[Records from a dataset]
━━━━━━━━━━━━━━━━
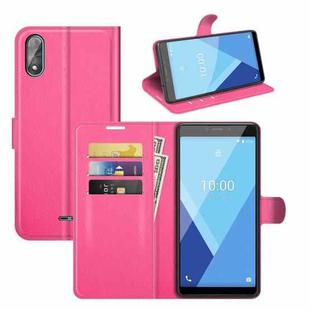 For Wiko Y51 Litchi Texture Horizontal Flip Protective Case with Holder & Card Slots & Wallet(Rose red)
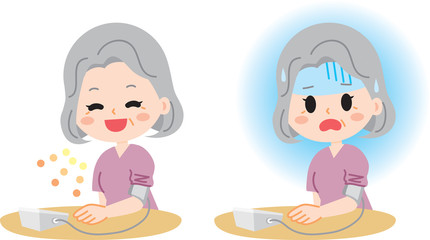 Senior woman set to measure blood pressure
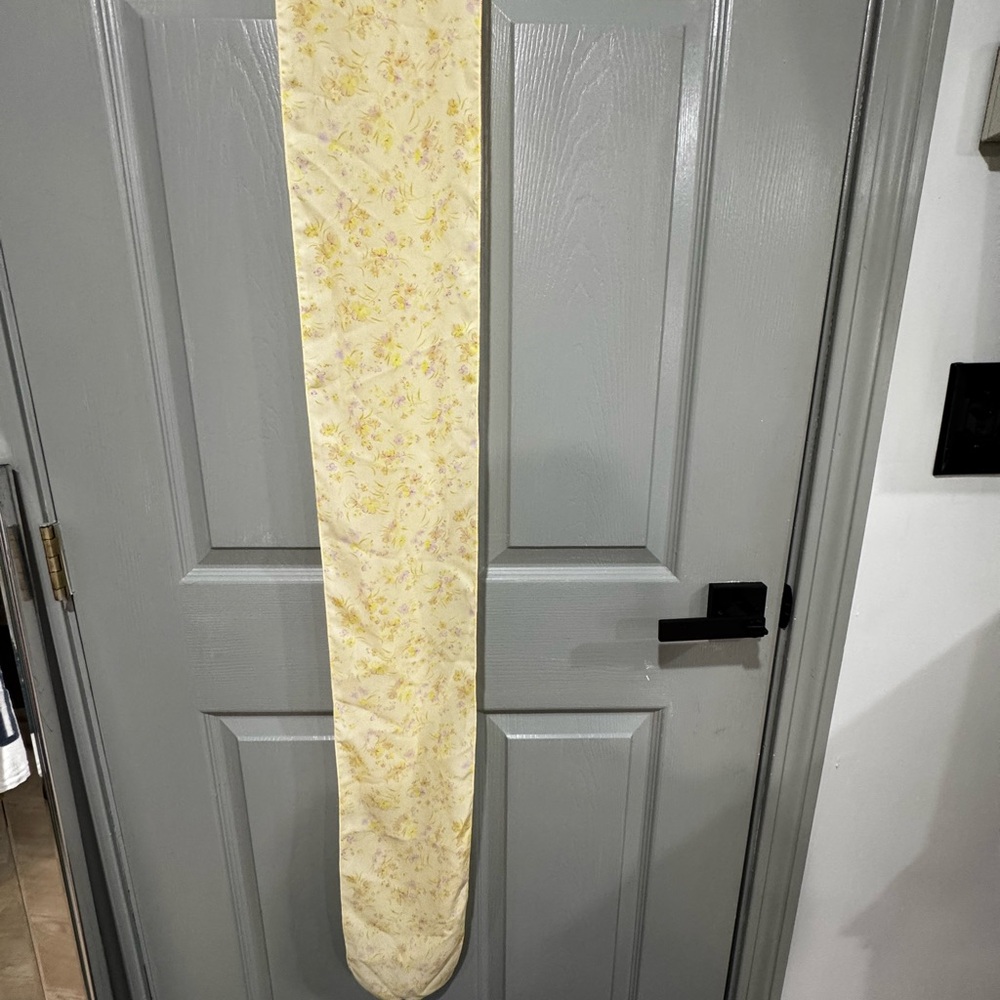 Vintage Light Yellow Floral Satin Scarf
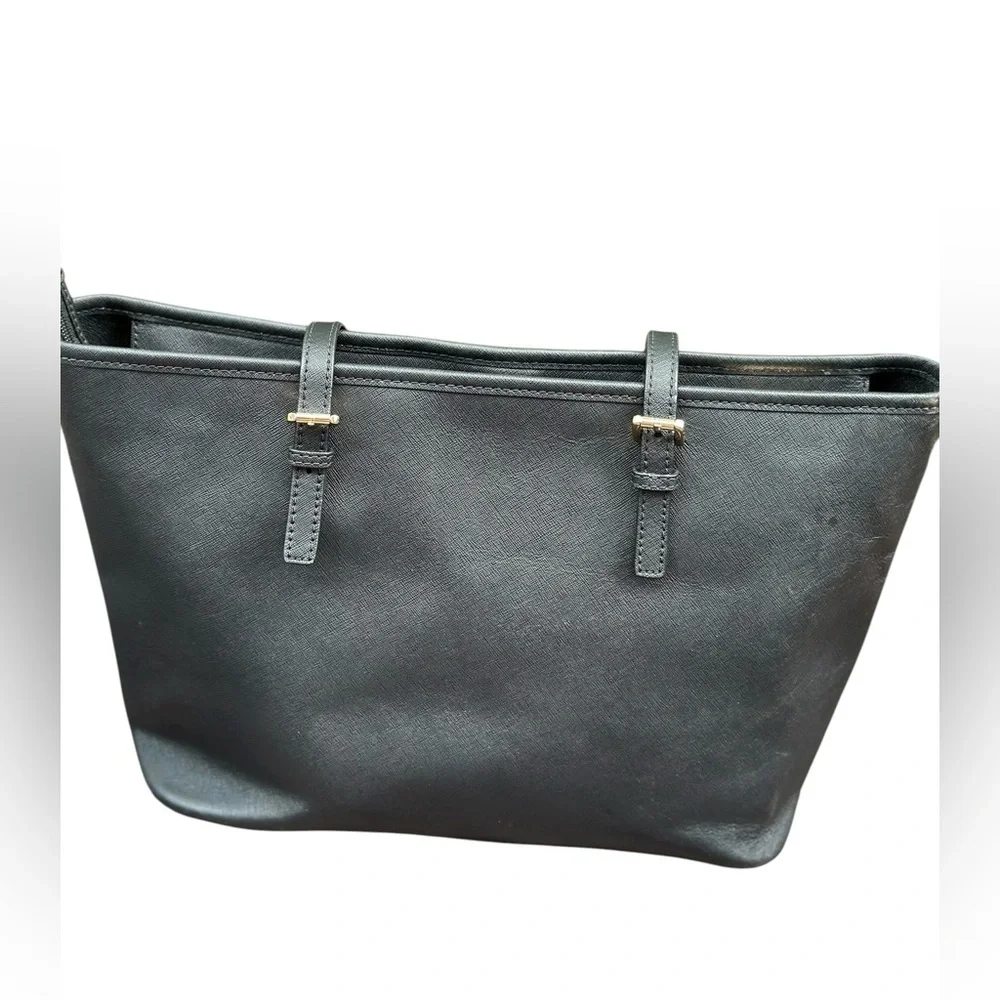Michael Kors Black Leather Tote with Gold Accents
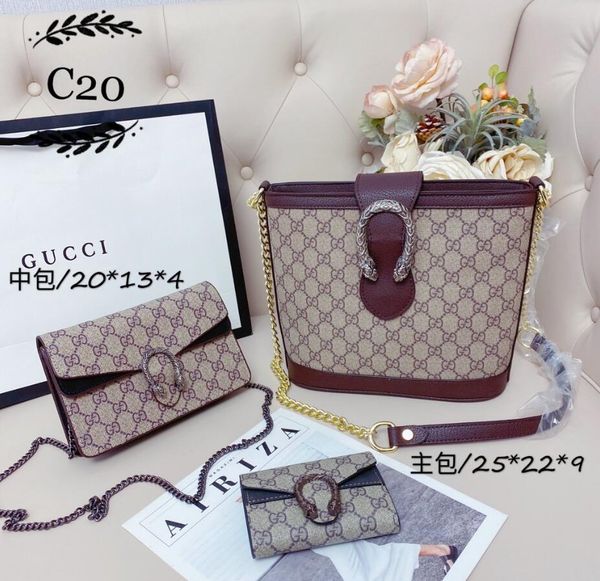 

3pcs set classic designer womens handbags ladies tote leather clutch shoulder bags female purse with wallet tote 005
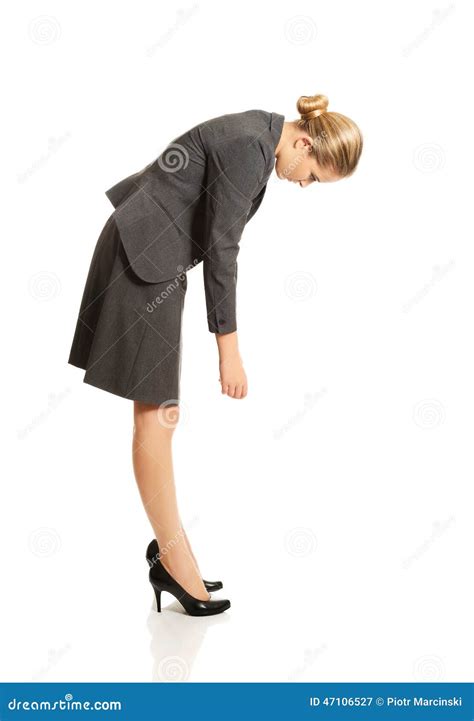 Businesswoman Bending Down Stock Photo Image 47106527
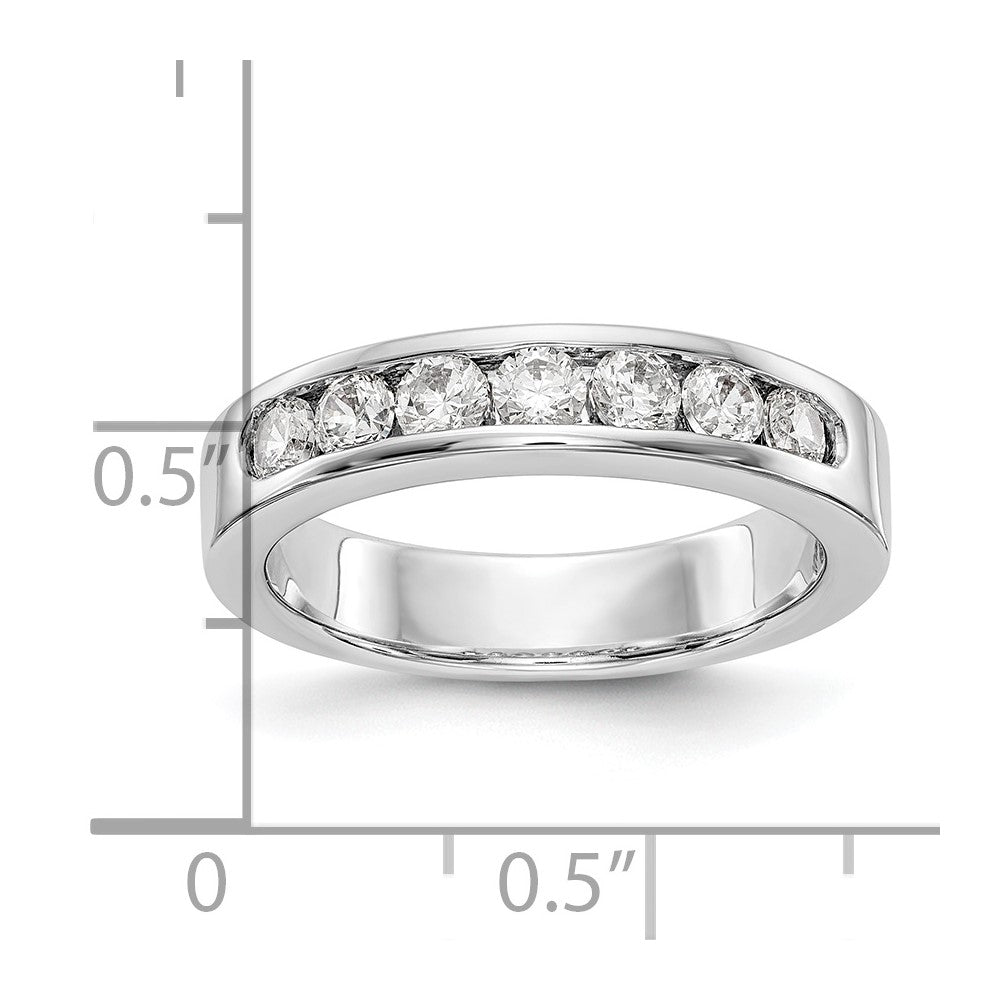 14K Weißgold Ehering mit 7 Diamanten in Kanalfassung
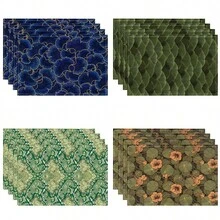 1/4/6/8/12 pièces Sets de table imprimés en lin, lavables, tapis de protection de surface, sets de table d'intérieur et d'extérieur, convient pour les fêtes, la cuisine et la décoration de la salle à manger - Multicolore - Voir 2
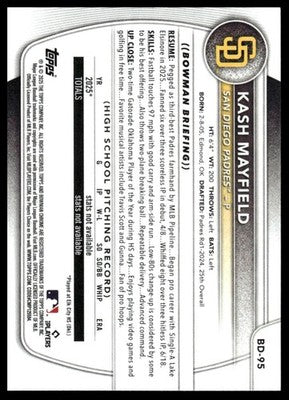 2025 Bowman Draft #BD-95 Kash Mayfield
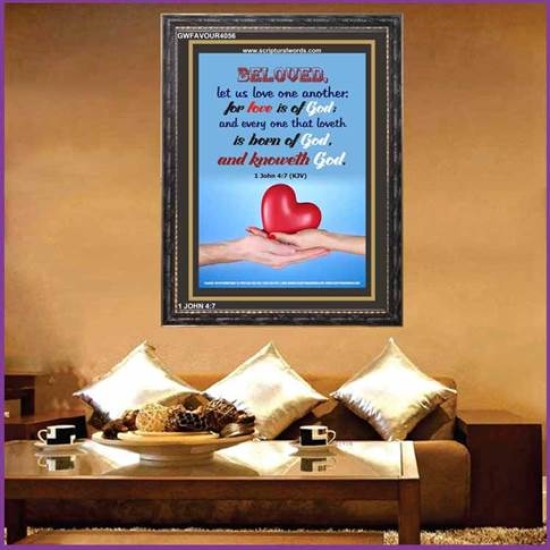 LOVE IS OF GOD   Contemporary Christian Wall Art Acrylic Glass frame   (GWFAVOUR4056)   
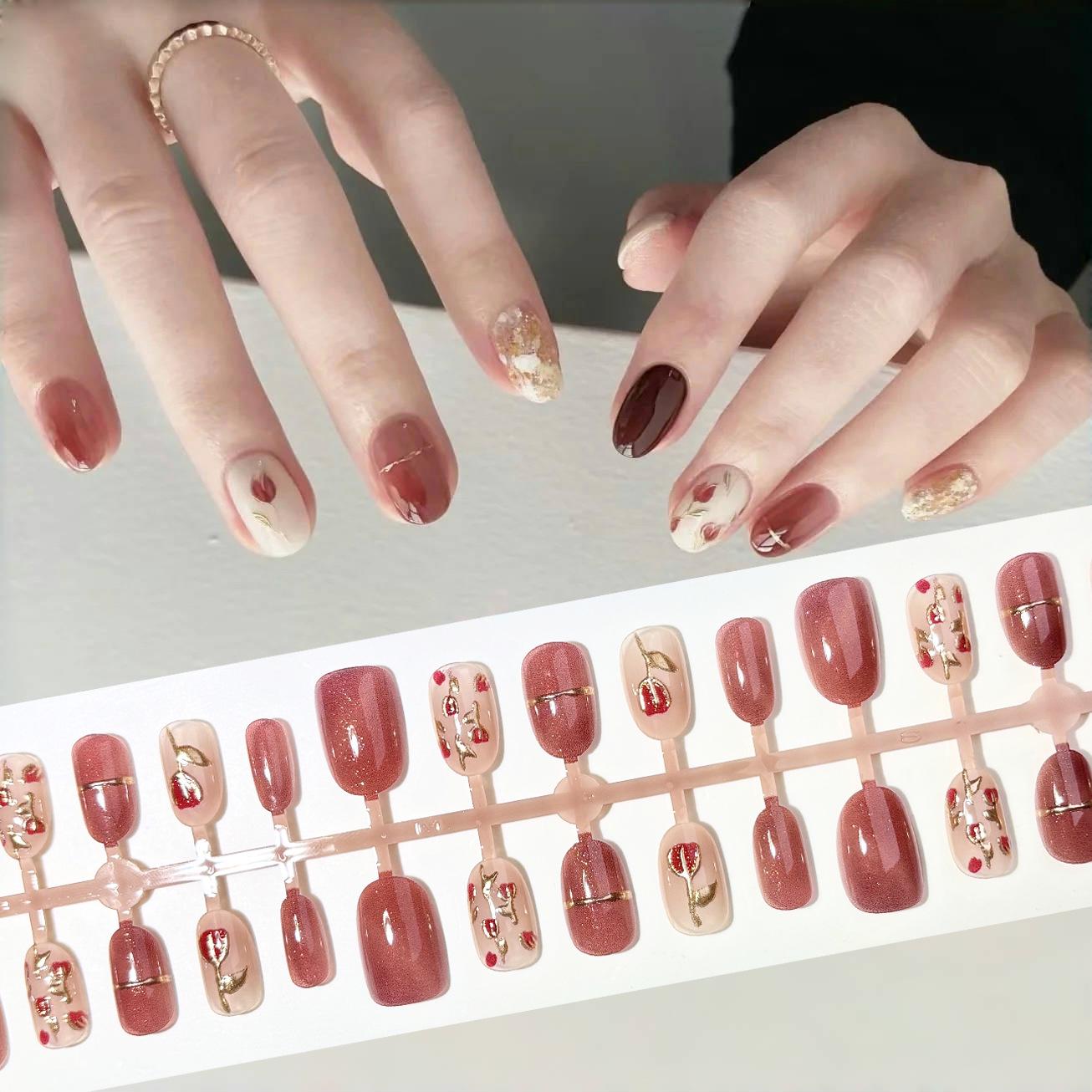 

Rose Hawthorn Red Glitter Nail Art Patches - Retro Chinese Style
━━━━━━━━━━━━━━━━
Exercise →
Above are the records; restate exactly the lines from the one containing "3pcs set classic" through the one containing "1/4/6/8/12 pièces Sets", keeping pictures out.

Solution to the exercise →
3pcs set classic designer womens handbags ladies tote leather clutch shoulder bags female purse with wallet tote 005
 Businesswoman Bending Down Stock Photo Image 47106527
 14K Weißgold Ehering mit 7 Diamanten in Kanalfassung
 1/4/6/8/12 pièces Sets de table imprimés en lin, lavables, tapis de protection de surface, sets de table d'intérieur et d'extérieur, convient pour les fêtes, la cuisine et la décoration de la salle à manger - Multicolore - Voir 2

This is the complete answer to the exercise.